Mugabe has shown himself for the dictator he is, but WALLACE CHUMA thinks his newly minted electoral 'victory' might mark the beginning of his end
Sunday, June 29, 2008

CAPE TOWN, South Africa -- Zimbabwe's Robert Mugabe is certain to be declared the "winner" of Friday's presidential run-off in which he was the only contestant, taking the crisis in his country to a whole new level. For probably one last time as he nears the end of his life -- he is 84 -- Mr. Mugabe seeks a stamp of legitimacy, no matter how fraudulently obtained.

Friday's sham election followed Mr. Mugabe's defeat by opposition leader Morgan Tsvangirai in March, when Mr. Tsvangirai got 48 percent of the vote to Mr. Mugabe's 43 percent, leaving Mr. Tsvangirai short of the 50 percent needed to avoid a run-off. To ensure victory in the run-off, Mr. Mugabe sent the army and political supporters on a reign of terror against opposition supporters.

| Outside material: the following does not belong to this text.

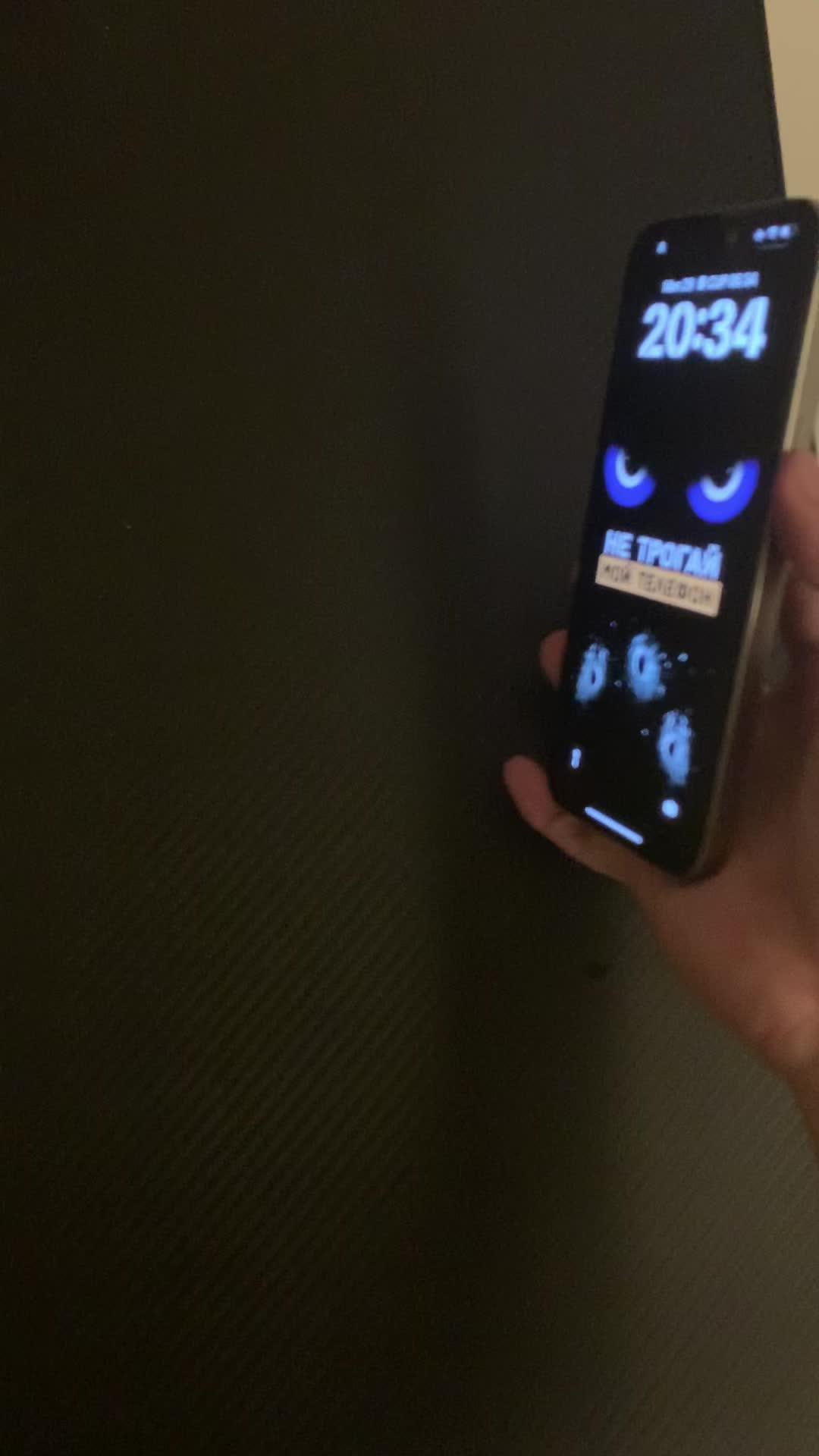 Set exclusive beautiful wallpapers for your mobile phone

"Operation Makavhoterapapi" (Shona for "whom did you vote for") claimed nearly 100 lives, left hundreds of people injured and displaced an estimated 200,000, according to the Mr. Tsvangirai's Movement for Democratic Change. Mr. Tsvangirai pulled out of the run-off last weekend because Mr. Mugabe had said he would not step down no matter the outcome, leaving Mr. Tsvangirai no reason to ask his supporters to continue putting themselves in jeopardy.


Wallace Chuma grew up in Zimbabwe and worked there as a journalist until leaving the country in 2003. He reported for the Post-Gazette in 2002 as an Alfred Friendly Press Fellow and now lives in Cape Town, South Africa, where he teaches media studies at the University of Cape Town (wallace.chuma@uct.ac.za).

How the political labyrinth created by this state of affairs will be resolved is anybody's guess. Mr. Mugabe probably will be sworn in immediately after his "victory" is certified, although unlike after previous elections, it will not be recognized by anyone outside of his own political party. Foreign election observers, repulsed at the violence, are certain to reject the results of the run-off.

Even though he pretends otherwise, Mr. Mugabe has highly valued domestic and international endorsement of his electoral victories ever since he led the country to independence from Britain in 1980. He especially covets the endorsements of African countries, which enable him to call critical Westerners neo-colonialists as he tells them to go to hell. If no one recognizes his leadership from Africa or elsewhere, Mr. Mugabe knows that this will create serious new challenges for him and his coterie of thug-ocrats, who are now the de facto rulers of the country.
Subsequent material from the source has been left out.